Espace - Sécurité intérieure - Satellites - Défense- Mesures - Collaboration

politique spatiale
navigation spatiale
satellite
OTAN
Agence spatiale européenne
militarisation de l'espace

Chronologie

12/5/2021Envoi question (Fin du délai de réponse: 10/6/2021)
10/6/2021Réponse

Question n° 7-1241 du 12 mai 2021 : (Question posée en néerlandais)

L'importance économique et stratégique de l'espace ne cesse de croître. Le coût du lancement de fusées comme de satellites diminue. D'une part, cela ouvre la voie à l'implantation, à terme, de (petites) colonies sur d'autres planètes et, partant, au tourisme spatial, mais, d'autre part, cela entraîne aussi un risque de militarisation des voyages spatiaux et des satellites à des fins de domination dans des conflits territoriaux.
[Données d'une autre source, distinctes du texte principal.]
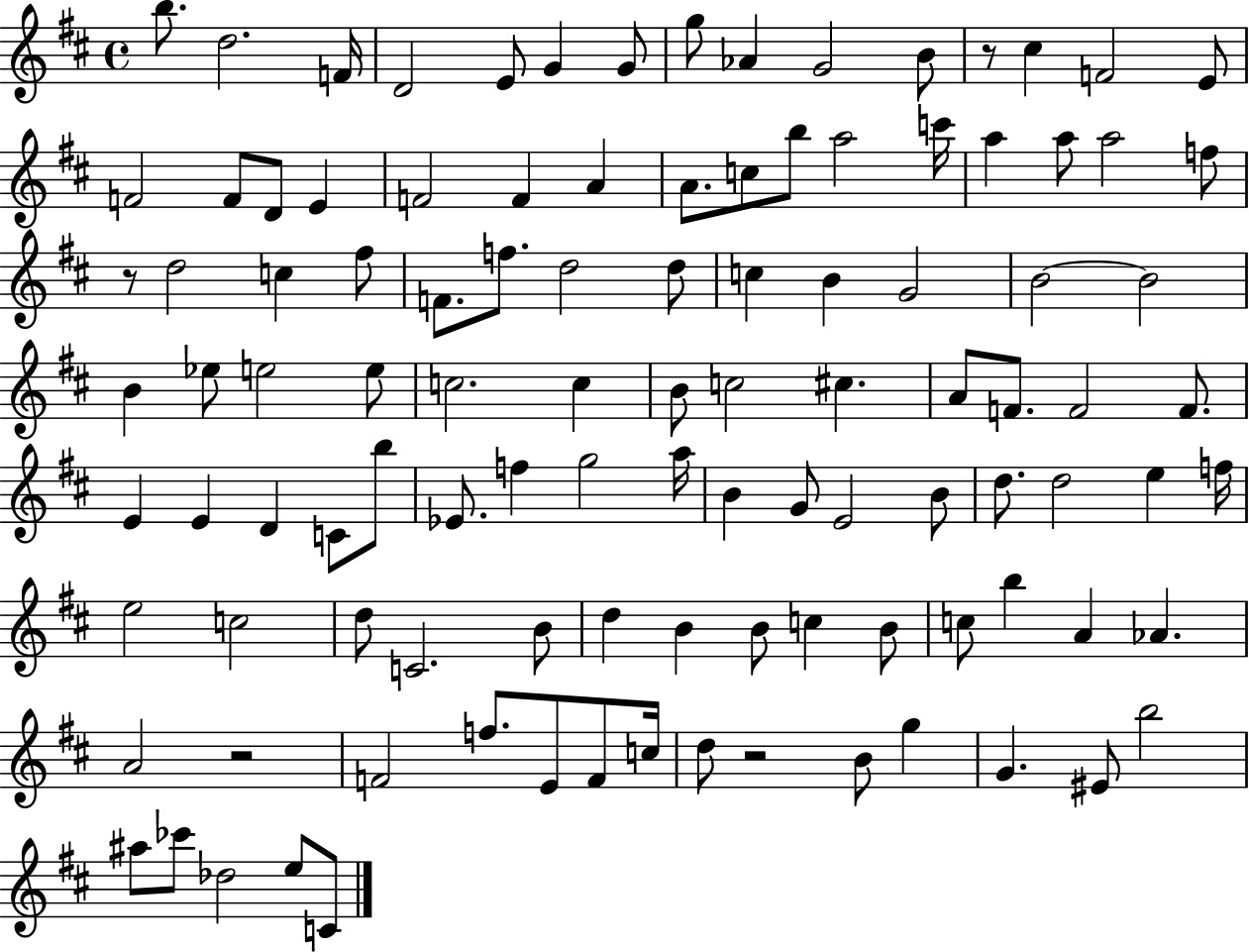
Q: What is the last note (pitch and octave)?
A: C4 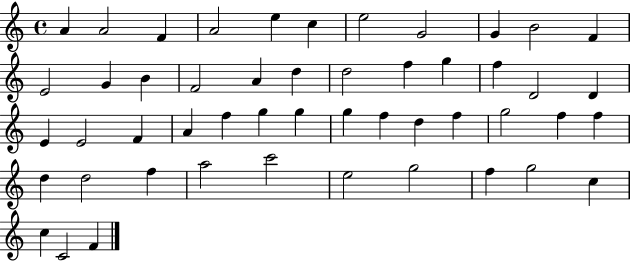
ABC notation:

X:1
T:Untitled
M:4/4
L:1/4
K:C
A A2 F A2 e c e2 G2 G B2 F E2 G B F2 A d d2 f g f D2 D E E2 F A f g g g f d f g2 f f d d2 f a2 c'2 e2 g2 f g2 c c C2 F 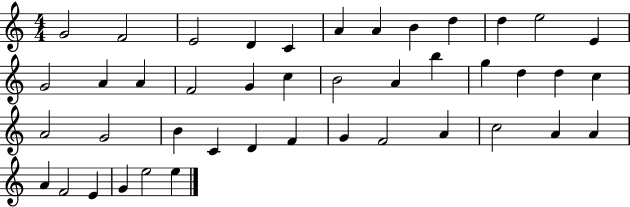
G4/h F4/h E4/h D4/q C4/q A4/q A4/q B4/q D5/q D5/q E5/h E4/q G4/h A4/q A4/q F4/h G4/q C5/q B4/h A4/q B5/q G5/q D5/q D5/q C5/q A4/h G4/h B4/q C4/q D4/q F4/q G4/q F4/h A4/q C5/h A4/q A4/q A4/q F4/h E4/q G4/q E5/h E5/q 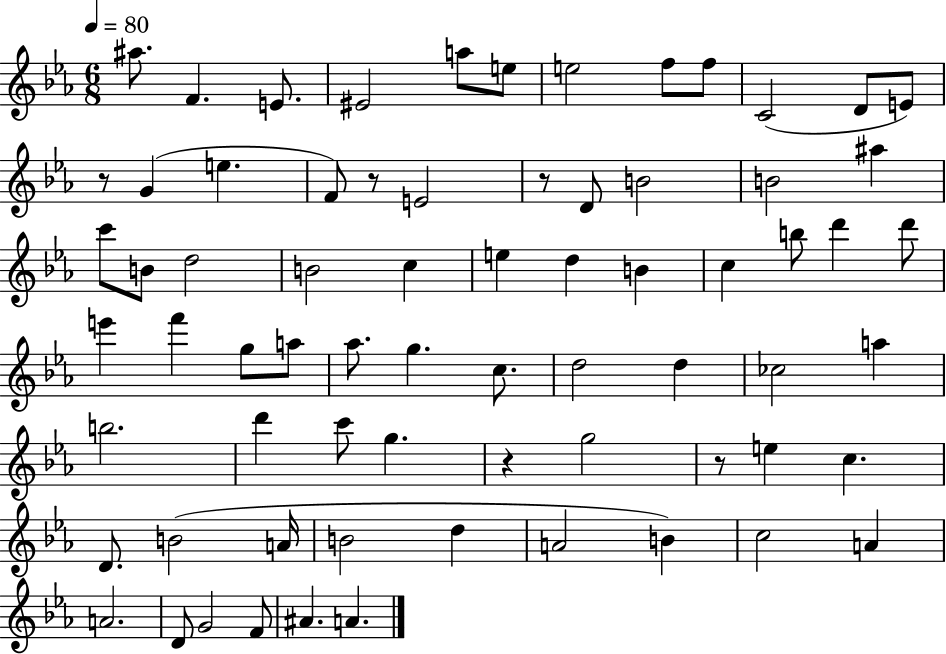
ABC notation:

X:1
T:Untitled
M:6/8
L:1/4
K:Eb
^a/2 F E/2 ^E2 a/2 e/2 e2 f/2 f/2 C2 D/2 E/2 z/2 G e F/2 z/2 E2 z/2 D/2 B2 B2 ^a c'/2 B/2 d2 B2 c e d B c b/2 d' d'/2 e' f' g/2 a/2 _a/2 g c/2 d2 d _c2 a b2 d' c'/2 g z g2 z/2 e c D/2 B2 A/4 B2 d A2 B c2 A A2 D/2 G2 F/2 ^A A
Les satellites en particulier jouent un rôle essentiel mais sont vulnérables. Notre économie s'appuie largement sur leur utilisation. Les communications, la localisation, la programmation, etc., fonctionnent en grande partie grâce au trafic satellitaire. Une étude réalisée à ce sujet en 2019 a confirmé que 87,5 % des 277 milliards de dollars de revenus générés dans l'espace peuvent être attribués aux services satellitaires commerciaux (cf. https://hcss.nl/news/new strategic alert space/).

Dans le même temps, cela accroît notre vulnérabilité, surtout si d'autres pays attaquent ces systèmes ou les dérèglent délibérément. La diminution du coût du lancement de satellites a pour conséquence qu'un nombre croissant de pays se mettent à développer leurs propres satellites et programmes spatiaux. Certains de ces programmes peuvent donc poursuivre des objectifs militaires.

Cela peut nuire gravement à notre économie et à notre sécurité. C'est pourquoi il est important que des entités telles que l'Union européenne (UE) et l'Organisation du Traité de l'Atlantique Nord (OTAN) développent des mécanismes de sécurité afin d'éviter une telle situation tant à court qu'à long terme, ainsi que le recommande le HCSS (The Hague Centre for Strategic Studies, Centre d'études stratégiques de La Haye).

Un cadre légal clair et contraignant pourrait être d'une grande aide. Malheureusement, nombre de règles et de prescriptions ne vont pas assez loin, ne sont pas assez spécifiques ou sont déjà dépassées. Cela crée des tensions entre différents acteurs étatiques.

L'espace est une matière transversale partagée avec les Régions et les Communautés. Les Régions sont compétentes pour le volet économique. Les Communautés sont compétentes notamment pour le volet relatif à la formation. L'ensemble des aspects internationaux relèvent de l'autorité fédérale.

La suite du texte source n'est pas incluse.